It amazes me now to think that none of us had ever heard of Potters Syndrome/Sequence. 
It feels like Potters has always been in our lives.

After we lost Charlie I even joined several online groups to support families affected by the illness. 
I hoped that they would be able to give me some answers and help me understand why we had lost our 'little man'.

At times I find these sites can be very helpful and give you somewhere that you know you can talk about your child without worrying about people being upset or offended by you talking about death. 
You also know that the people can empathise with you and won't judge you. 
They won't be telling you to 'get over it' or 'pull yourself together'. 

You can even share your photos of your angels, again without fear that someone will have a go at you or report you for sharing a picture. 
I know some people don't always realise how upsetting it can be when they complain that people are putting pictures on of dead babies. 
What they don't think about is that those babies are someones child, grandchild and those families are proud to share their photos. 
We are like any other family who has just had a baby, just our babies have not been able to stay with us. 

Sometimes though I find it very difficult to visit these sites as I know that everyone on there has been through the same traumatic events we have. 
It makes me feel very sad that there are so many people out there currently going through the process of grieving for their baby. 
At times this can be very overwhelming.

It is so important for bereaved families to be able to share their difficulties to help them get through their journey and to have a forum where they can feel safe and supported. 
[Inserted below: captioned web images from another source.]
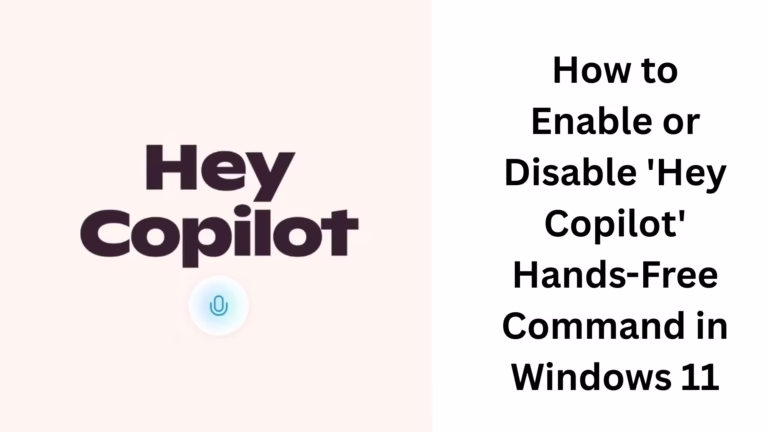 How to Enable or Disable 'Hey Copilot' Hands-Free Command in Windows 11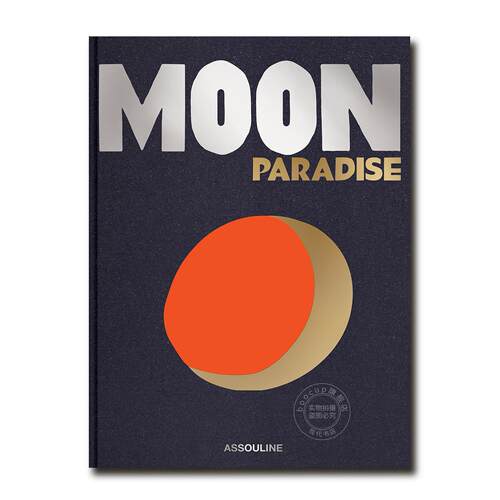 月光天堂 容涵盖从时尚到太空旅行中的月球形象集 Assouline出版社 英文原版 Moon Paradise 精装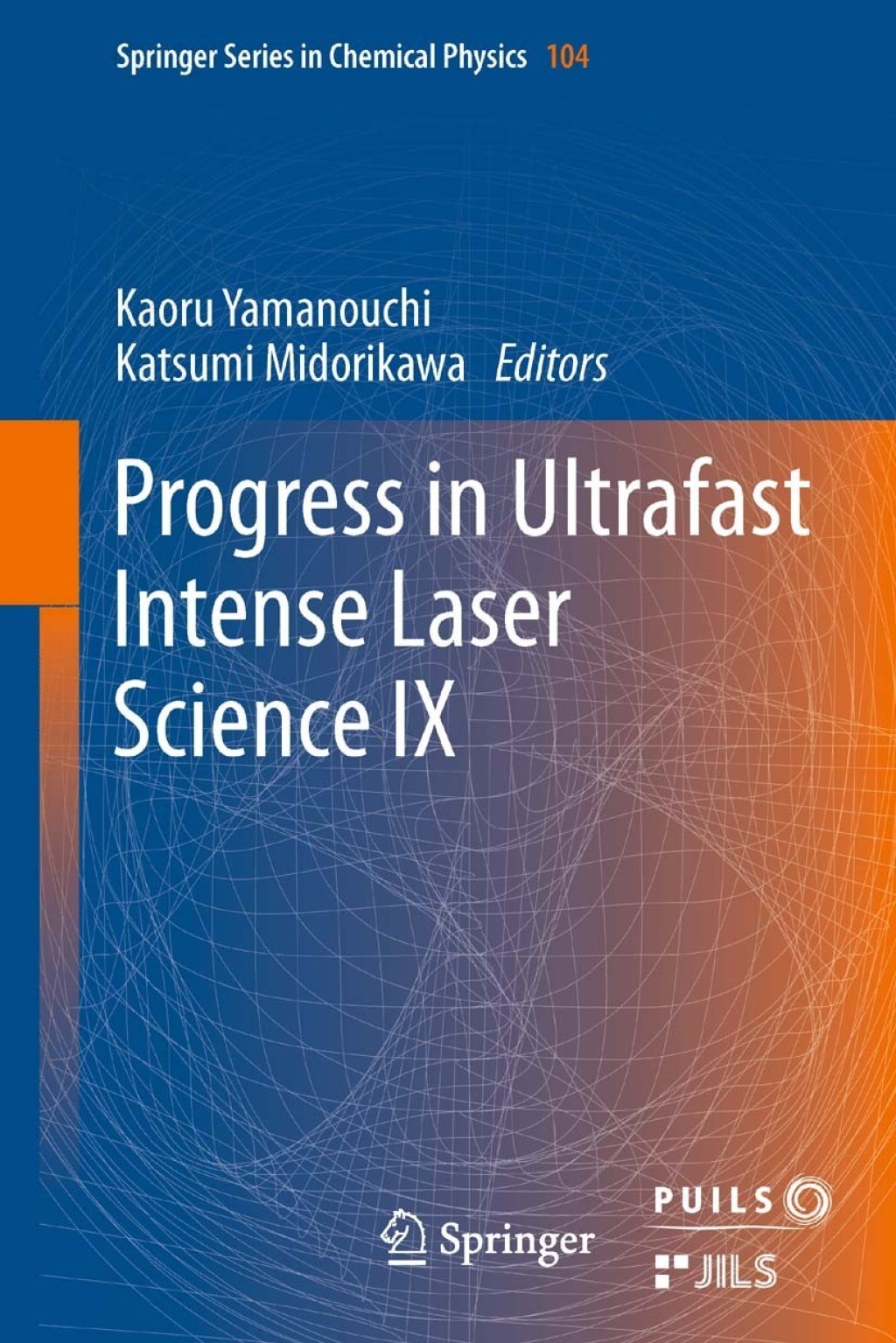 Progress in Ultrafast Intense Laser Science Volume IX 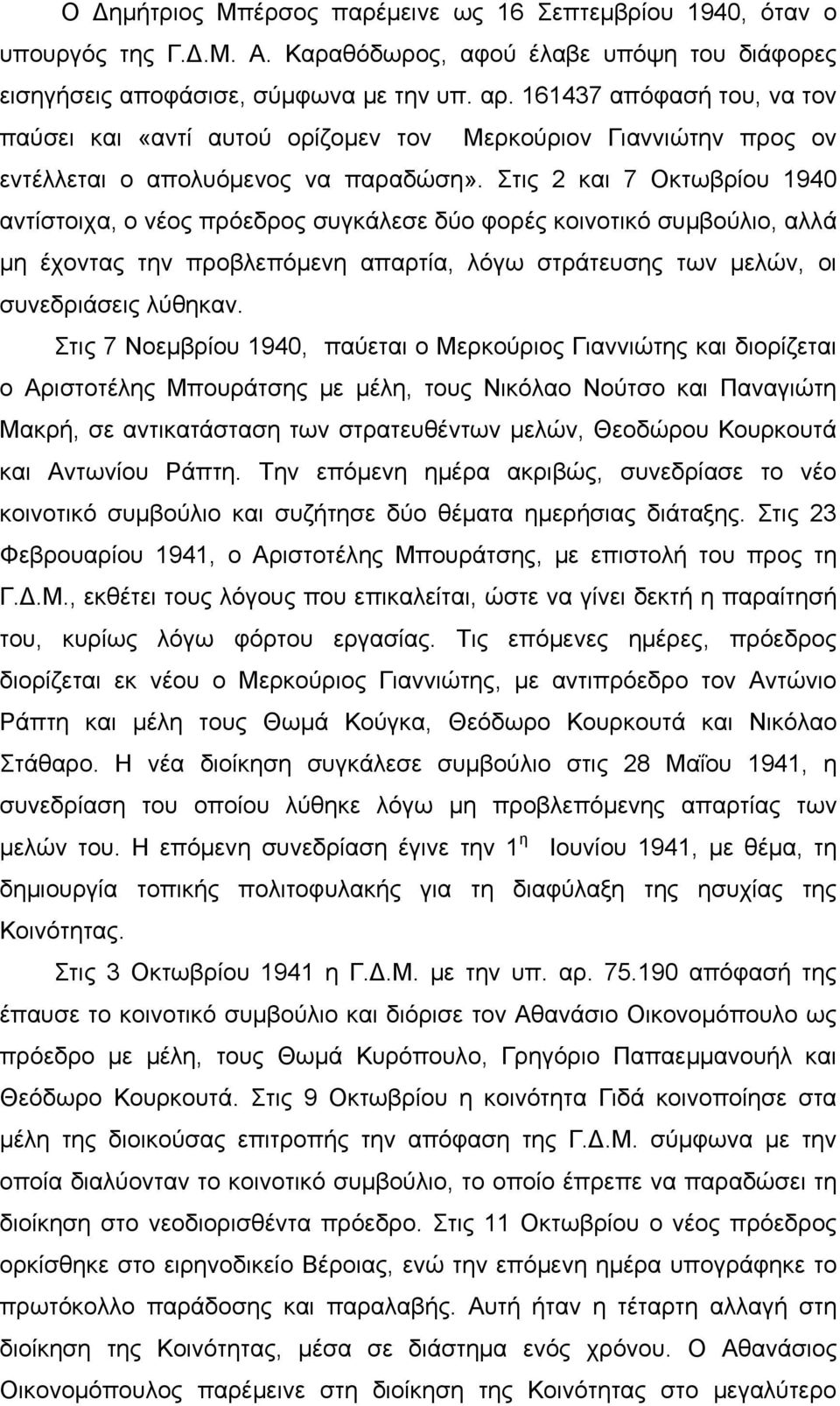 Στις 2 και 7 Οκτωβρίου 1940 αντίστοιχα, ο νέος πρόεδρος συγκάλεσε δύο φορές κοινοτικό συμβούλιο, αλλά μη έχοντας την προβλεπόμενη απαρτία, λόγω στράτευσης των μελών, οι συνεδριάσεις λύθηκαν.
Sometimes I can find it difficult to read other peoples stories, some going back 20 to 30 years, and seeing that there has been very little progress or research done into this devastating illness. 
You can read some of the stories and feel like they are telling your story.

Hopefully it won't be too long before we can start to offer face to face and telephone support for some of these families and families that have lost their babies through other reasons.

As we get more and more support,both financially and physically,it starts to feel as if we are so close to being able to open the doors to our support centre.

I think the more places out there offering different methods of support for bereaved families the better. 
People need to have options and choices, something that is severely lacking at the moment. 

I think that the next 18 months will see a big change in the provisions of bereavement support, especially in Leeds, and we will be a big part of this.